A Framework for Analyzing Template Security and Privacy in Biometric Authentication Systems

In this correspondence, we analyze the vulnerabilities of biometric authentication protocols with respect to user and data privacy. The goal of an adversary in such context is not to bypass the authentication but to learn information either on biometric data or on users that are in the system. We elaborate our analysis on a general system model involving four logical entities (sensor, server, database, and matcher), and we focus on internal adversaries to encompass the situation where one or a combination of these entities would be malicious. Our goal is to emphasize that when going beyond the usual honest-but-curious assumption much more complex attacks can affect the privacy of data and users. On the one hand, we introduce a new comprehensive framework that encompasses the various schemes we want to look at. It presents a system model in which each internal entity or combination of entities is a potential attacker. Different attack goals are considered and resulting requirements on data flows are discussed. On the other hand, we develop different generic attacks. We follow a blackbox approach in which we consider components that perform operations on biometric data but where only the input/output behavior is analyzed.

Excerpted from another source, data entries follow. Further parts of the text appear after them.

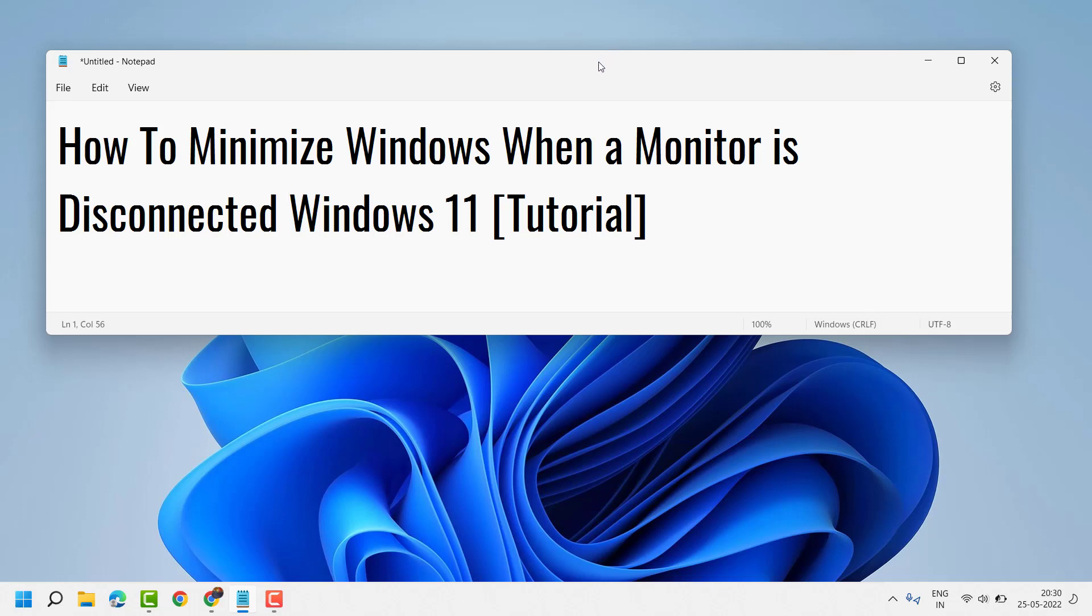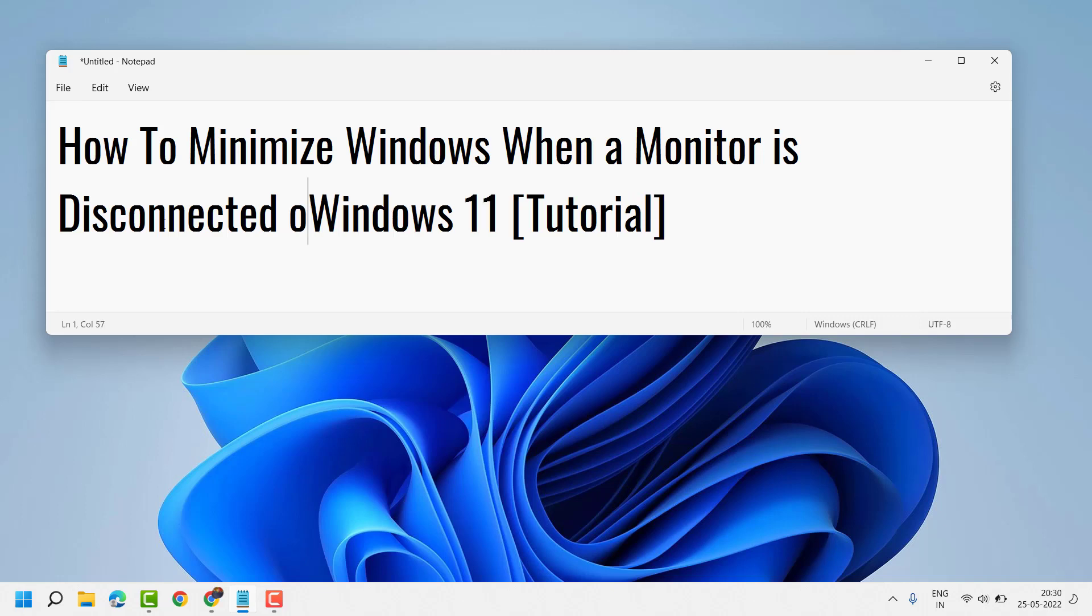Hello guys, in this video I will show you how to minimize Windows when a monitor is disconnected on Windows 11.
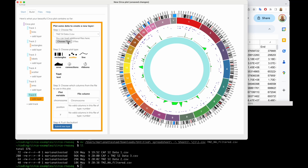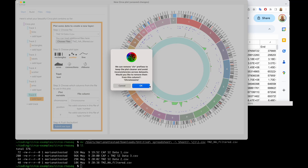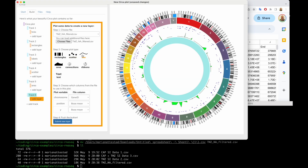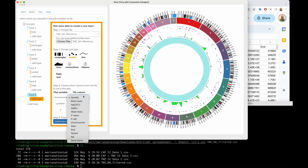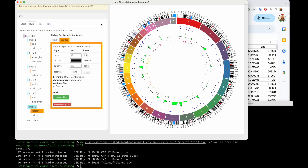So now instead of the usual TMZ file, we're going to load the new NA-filtered one. Let's see if that helps. We'll click around again — and now it looks like we can do it. We're going to do chromosome, start, and p-value, and boom — we've plotted those.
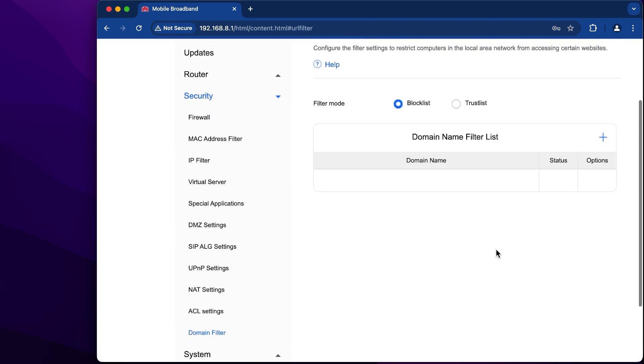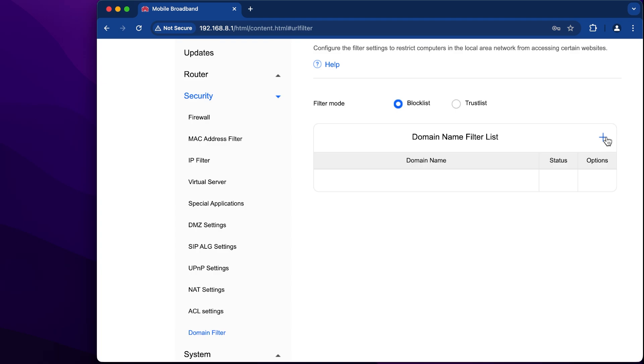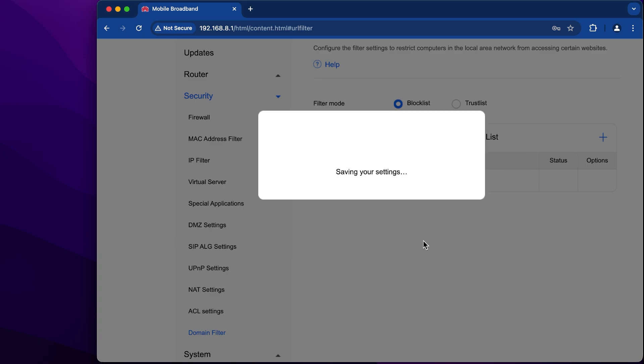And here you can click this plus button and block some domain, for example google.com, and click save.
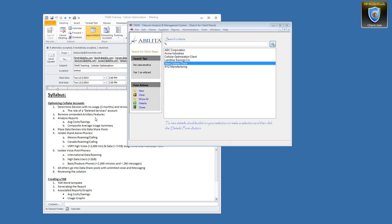We're continuing the training with the same sample client we had set up, and now we're going to cover optimizing that cellular account. These accounts can become quite complex based on the number of suppliers and the size of a client, but you'll get the principles here. If you can do it with one account, you can do it with N accounts. I want to touch on some key components of optimizing a cellular account.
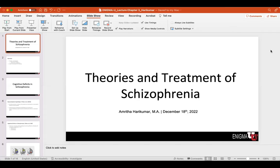Good afternoon, everyone. My name is Amritha Hari Kumar, and today I'm going to be talking about theories and treatments of schizophrenia. I'm currently a second-year PhD student at Georgia State University, which is located in Atlanta, Georgia, in the United States of America. I'm currently in a schizophrenia psychosis-focused neuroimaging lab, so it's really a treat to research and put together these slides because it really informed me on some of the work that I'm currently doing.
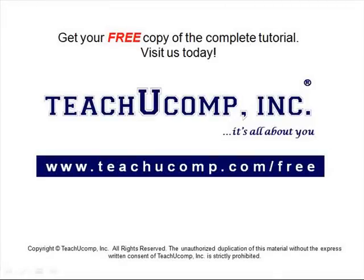Get your free copy of the complete tutorial at www.teachucomp.com/free.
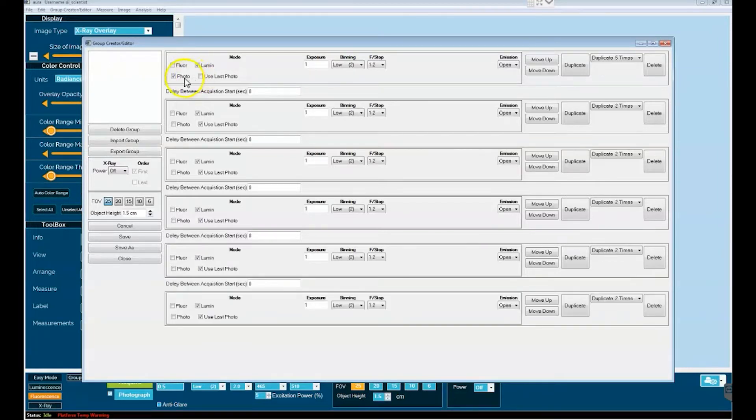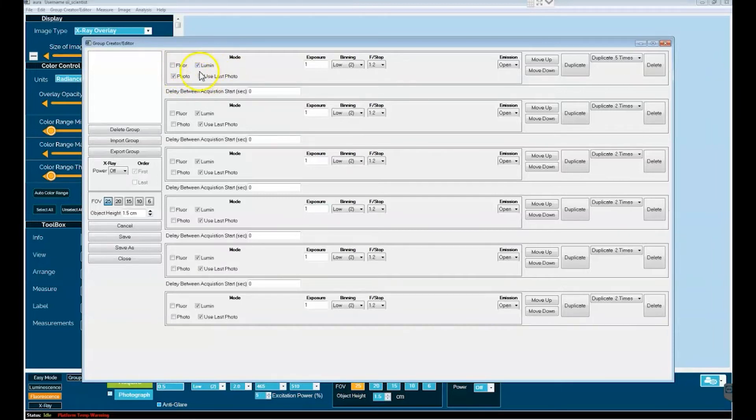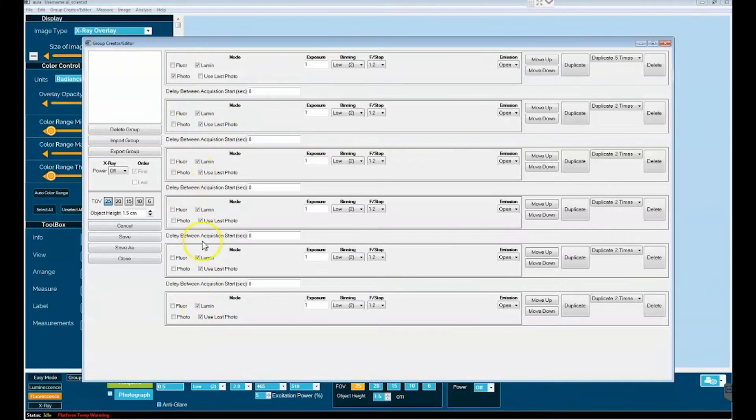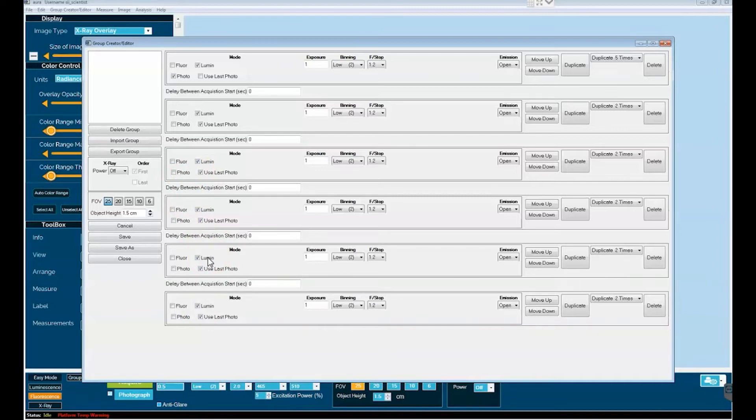Now, additional features here for Group Acquire can be seen in the left hand side of each camera ribbon. You have the option to do photo in the first acquisition and then to use the last photo for ensuing acquisitions, so as not to waste space with repeat white light images of your mice who aren't moving because they're underneath anesthesia.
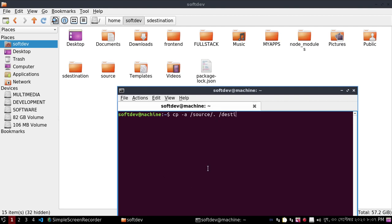Destination, and here place the path of the destination folder. The dash a option is an improved recursive option that preserves all file attributes and also preserves symbolic links.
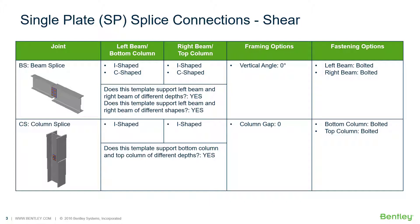Welcome to the Bentley Systems training course where you will learn how to design steel connections using RAM Connections Standalone. RAM Connections Standalone is used for the design and detailing of steel connections. It can design individual shear, moment, brace, splice, and truss connection types to a variety of different steel design codes. In this particular video, we are going to focus on the workflow for assigning a single plate connection template to a beam splice and a column splice joint in RAM Connections Standalone for the purposes of resisting a shear reaction.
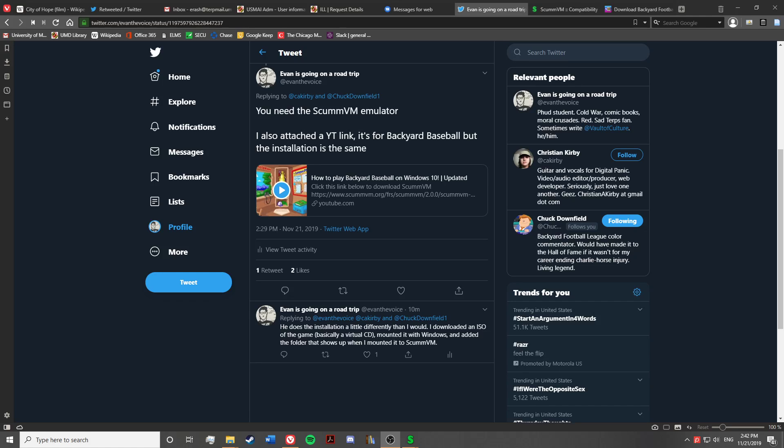Hey, what's going on Twitter? This is Evan the Voice. I've had a lot of people on my mentions the last couple days tweeting about Backyard Football and how they don't know how to get it to work on their computer. So I'm here to tell you guys that it's actually really easy and you can get it done in less than five minutes.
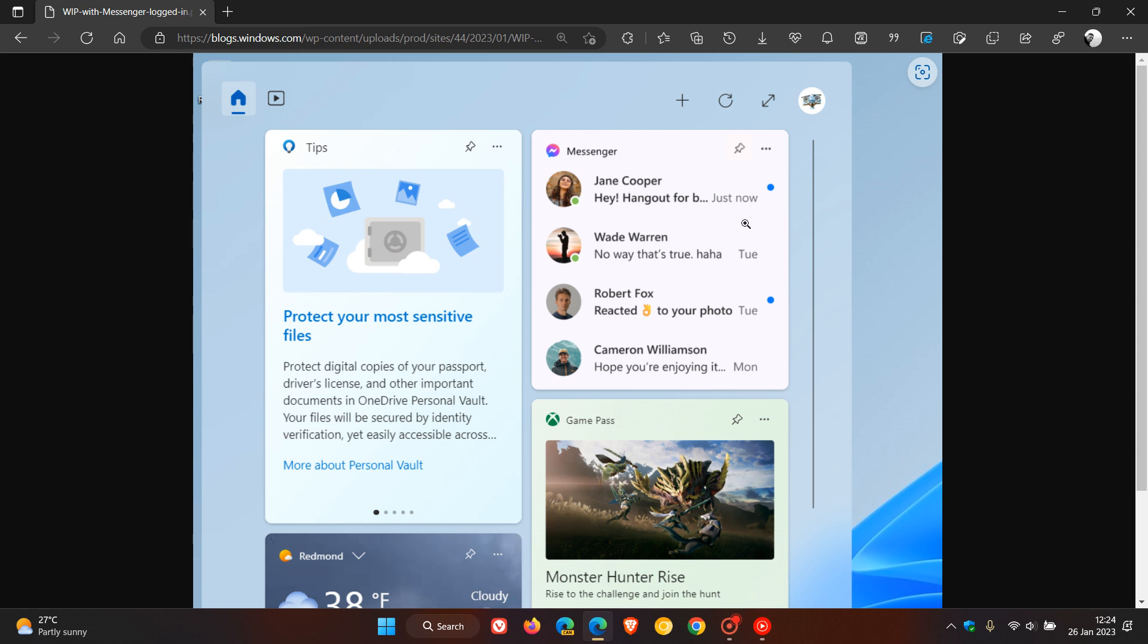And then you need to come to widgets, open the widgets board, and navigate to the widgets picker by clicking on the add or the plus sign at the top right of the board to pin your widget, as you can see once again from the screenshot.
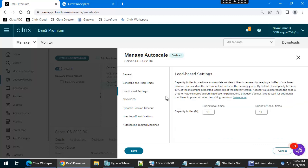Next, go to Load Based Settings. For example, you set only one machine to be available and the other two machines powered up. If you create a load management policy where a server handles only five sessions — once five users are connected the server will go to full load. At that time, if you want to power on any additional machines, you need to mention the percentage of machines to power on when the existing machine is at full load. Right now I am not going to configure this.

These attack strategies are exhibited on recent schemes such as the distributed protocol of Bringer (ACISP 2007), which is based on the Goldwasser-Micali cryptosystem, the related protocol of Barbosa (ACISP 2008), which uses the Paillier cryptosystem, and the scheme of Stoianov (SPIE 2010), that features the Blum-Goldwasser cryptosystem. All these schemes have been developed in the honest-but-curious adversary model and show potential weaknesses when considered in our malicious insider attack model.